A month ago, however, plans for a two phase project proposed by the Provinces of Friesland and Noord Holland in conjunction with local authorities of Wieringermeer, Harlingen and Woenseradeel received full cabinet backing and have now moved into the public consultation phase, where they have sparked a media furore.
In the first phase, a block formation of 49, 2 MW turbines will be built to the North of the Kornwederzand in the environmentally sensitive Wadden Sea. In the second phase, two rows of 60, 3 MW turbines are planned for both sides of the Afsluitdijk, which connects the provinces of Noord Holland and Friesland. Total costs are estimated at NLG 600-900 million, which compares with the NLG 450 million budget of the government's proposed 100 MW Near Shore Wind farm.
According to Jan Wittink, head of the IPWA core team, a two phase approach is to allow for possible developments in wind turbine technology. "Considering the problems of building wind plant on land, the Afsluitdijk project is absolutely necessary for the government and the provinces if they are to reach the targets set out in BLOW," says Wittink, referring to the National Administrative Agreement on Wind energy Development.
Under BLOW -- an agreement between all levels of government signed in July to make provision for 1500 MW on land by 2010 -- Friesland has covenanted to build 200 MW while Noord Holland has promised to make provision for 205 MW. Without IPWA neither province is likely to meet its target.

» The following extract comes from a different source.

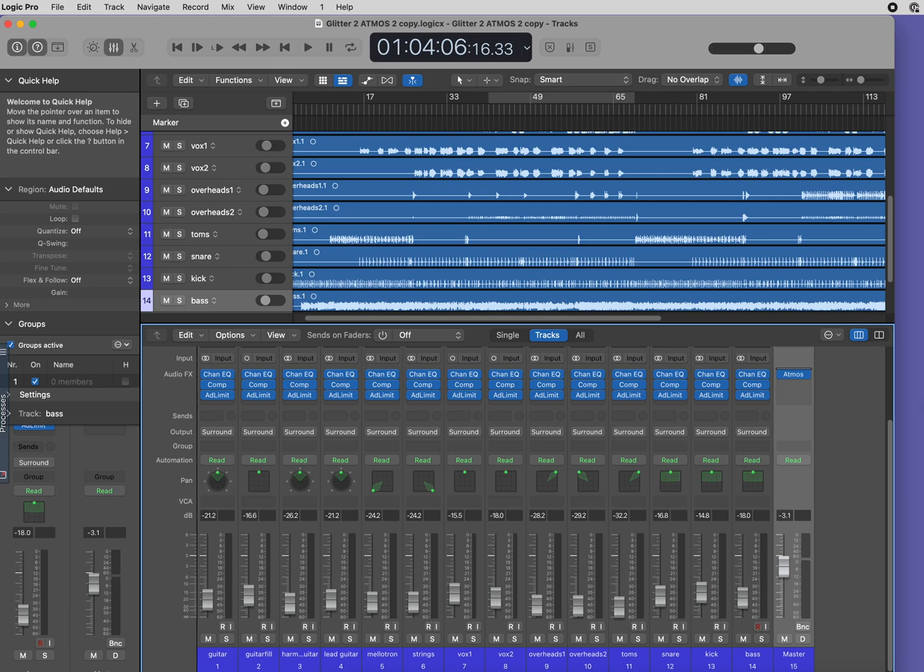Hello. Today's tutorial is on what order your plugins should be on the master channel strip when you are mixing your multitrack to Atmos in Logic Pro.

The social debate has got off to a lively start with protests against the wind plant's impact on one of Europe's unique landscapes being heard both at home and abroad. At a meeting of the international Waddenzee Group in Denmark in October, the Danish minister of energy and environment Svend Auken described the plans as "controversial," while a representative of the German World Wildlife Fund dismissed them as "ridiculous." At home, the decision to build in the Wadden Sea has united the Dutch conservationists -- nominally in favour of wind energy -- against the project. "Building 100 wind turbines in the most important bird area in north west Europe is just absurd," says Henk Peeters of the Dutch bird protection society.
"We have chosen to build in this location -- rather than simply in the IJsselmeer -- precisely to minimise bird kills," says Wittink. "The environmental impact report is very favourable, the plans meet nearly all the requirements of European guidelines on bird and habitat preservation. We have every confidence that we will be able to win any legal action brought by the environmentalists."
He admits, however, that winning the social argument will be no easy task. Even the Dutch wind community is divided. Jaap Langenbach of Wind Service Holland argues that the project is ill advised because it contravenes so many planning regulations and international agreements that it has little chance of being built. "It is an admission of failure -- an all or nothing attempt to reach their targets. But in this case it's going to be nothing," he says, alluding to the government's failure to make substantial progress towards its goal of building 1500 MW onshore by 2010. He further criticises the double row design as "ugly" and regards the planner's own avian mortality figure of 15,000 birds per year as a "guesstimate" which may prove disastrous if wrong. "If a rare bird species is affected by collision with a turbine, the whole project could be closed down," he cautions.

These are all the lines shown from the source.